On infrastructures, said Alvise Biffi, president of Assolombarda, 'much remains to be done: the central issue is certainly that of bureaucracy and excessively long times, but also the availability of the necessary resources. At a general level, in order to simplify bureaucracy, it is essential to apply a model that makes the extraordinary ordinary, with virtuous public-private collaboration'.

According to Fabrizio Ferrari, President of Confindustria Genova, 'Efficient infrastructure systems are a decisive condition for making an area competitive and attractive. National and international investors choose areas where there are fast connections and integrated logistics networks, which are particularly crucial for Genoa, Italy's leading port'. Ferrari also referred to the Gronda, "a fundamental work not only for Genoa, about which no progress can be seen: it is necessary to clearly intervene on the criticalities still present, otherwise we will have to give up an extraordinary lever of national growth".

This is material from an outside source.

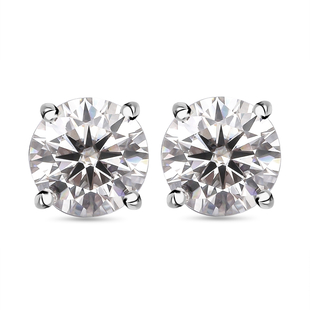 Moissanite Stud Earrings ( With Push Back) in Rhodium Overlay Sterling Silver 3.00 Ct.
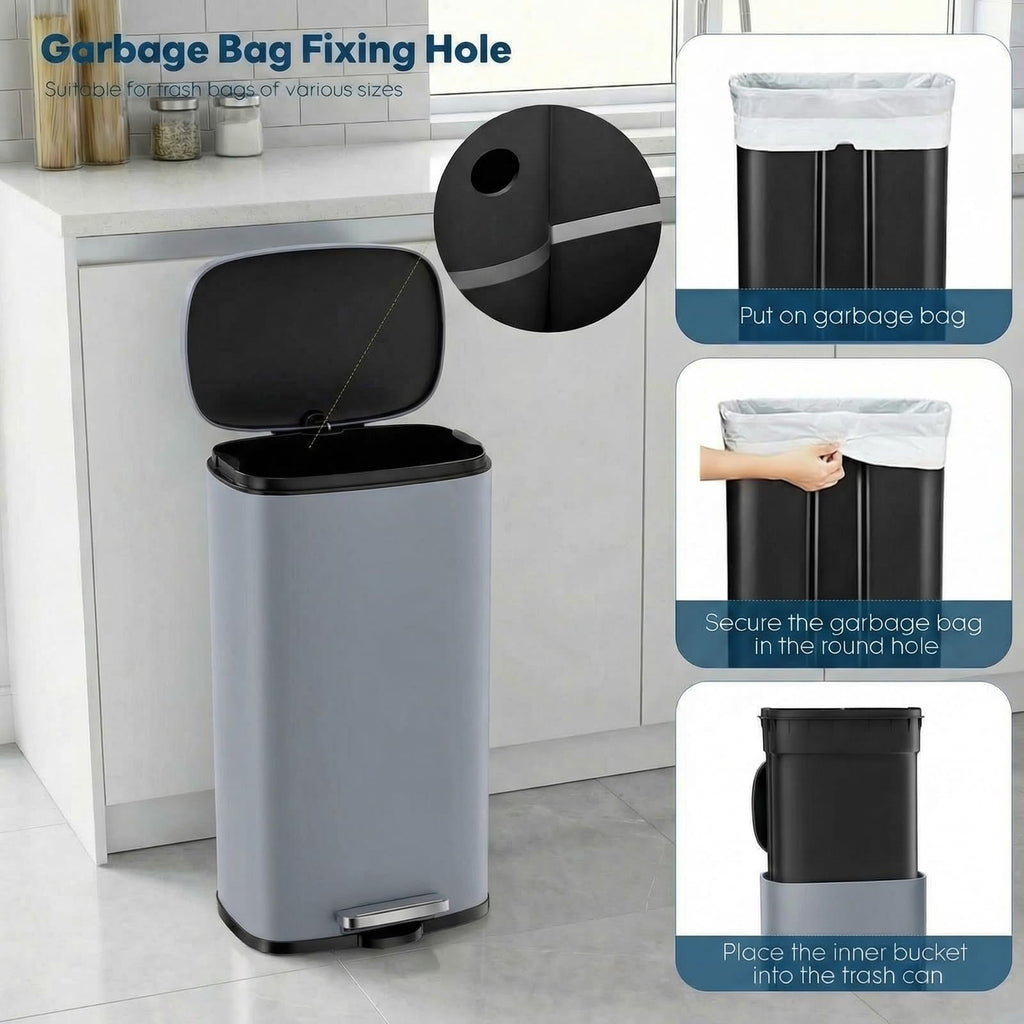 8 Gal Kitchen Trash Can, 30L Recycling or Garbage Bin, with Step-On Pedal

The 'Mitogeno triangle, i.e. Milan, Turin and Genoa,' concluded Marco Gay, President of Unindustria Torino, 'is creating the most powerful production platform in Southern Europe, because it connects three industrial systems that complement each other. However, we should not describe Mitogeno as a sum of construction sites, but as a linear metropolis of Northern Italia, a system that supports our manufacturing, services, and the mobility of millions of people, thanks to connected infrastructures'.

For his part, the Deputy Minister for Infrastructure, Edoardo Rixi, sent a message to emphasise that 'the government has deployed resources, vision, and political will. Now it is necessary for the whole system, from the administrations to the planners and the entities involved, to contribute, responsibly and quickly, to transforming these investments into real infrastructure'.